__Data__:
******
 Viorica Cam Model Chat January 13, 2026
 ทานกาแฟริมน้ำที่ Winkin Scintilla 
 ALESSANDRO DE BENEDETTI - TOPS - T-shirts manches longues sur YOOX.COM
******
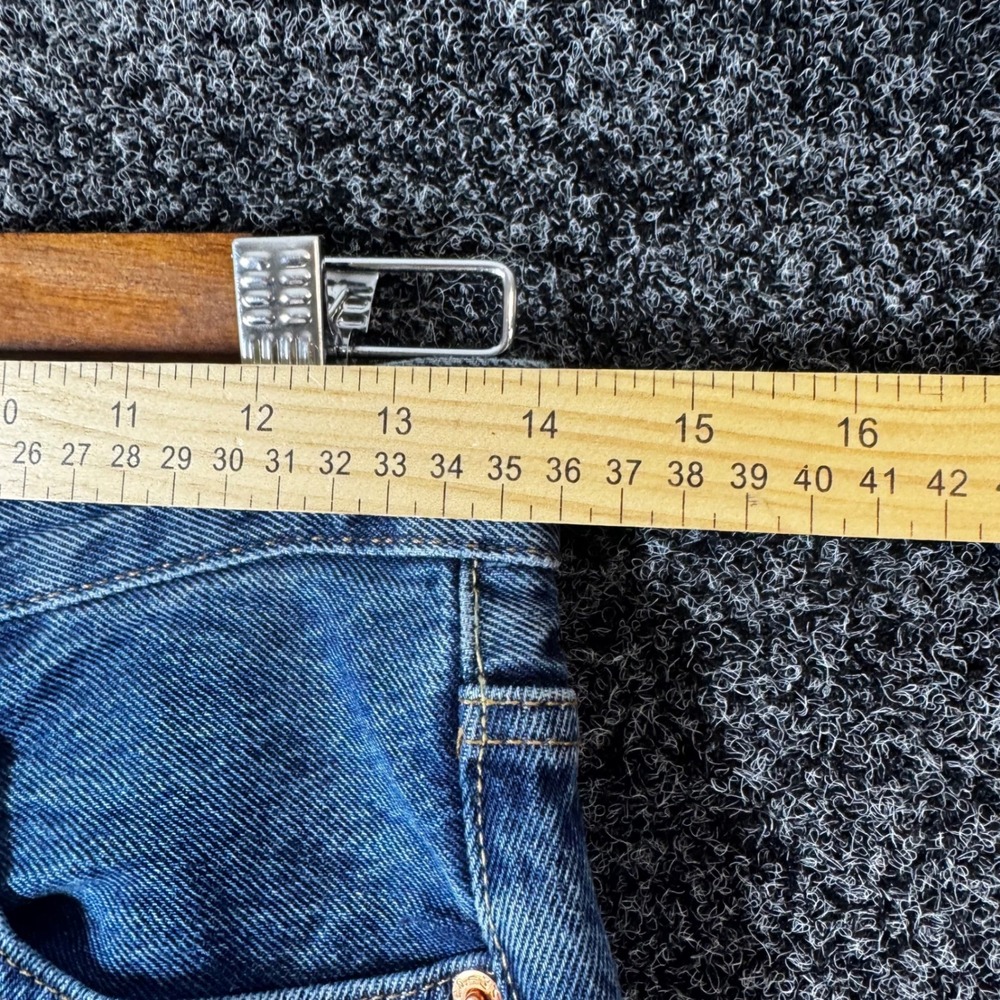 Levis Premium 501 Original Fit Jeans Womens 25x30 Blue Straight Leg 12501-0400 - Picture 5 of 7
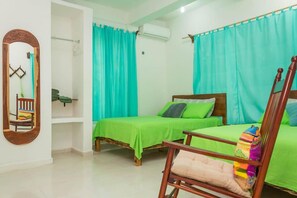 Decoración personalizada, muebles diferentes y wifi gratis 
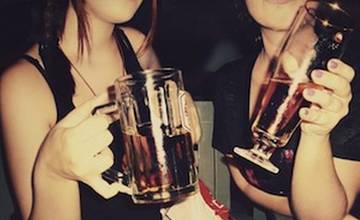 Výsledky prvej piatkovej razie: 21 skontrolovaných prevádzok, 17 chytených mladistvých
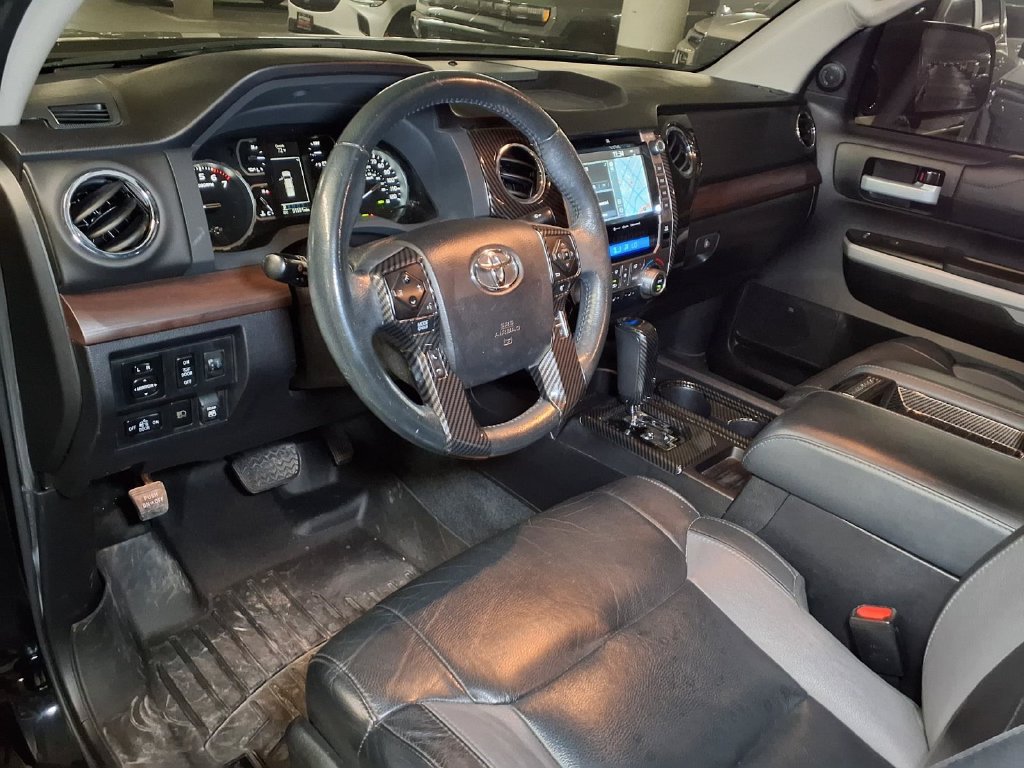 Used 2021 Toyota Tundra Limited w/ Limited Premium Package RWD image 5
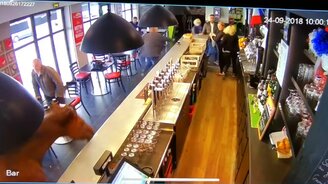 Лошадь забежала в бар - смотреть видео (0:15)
******
__Instructions to follow__: Go to the line above that contains "Decoración personalizada, muebles" and reproduce everything exactly from there through the line that contains "Лошадь забежала в", leaving out the pictures.

__Result of this exercise__:
 Decoración personalizada, muebles diferentes y wifi gratis 
 Výsledky prvej piatkovej razie: 21 skontrolovaných prevádzok, 17 chytených mladistvých
 Used 2021 Toyota Tundra Limited w/ Limited Premium Package RWD image 5
 Лошадь забежала в бар - смотреть видео (0:15)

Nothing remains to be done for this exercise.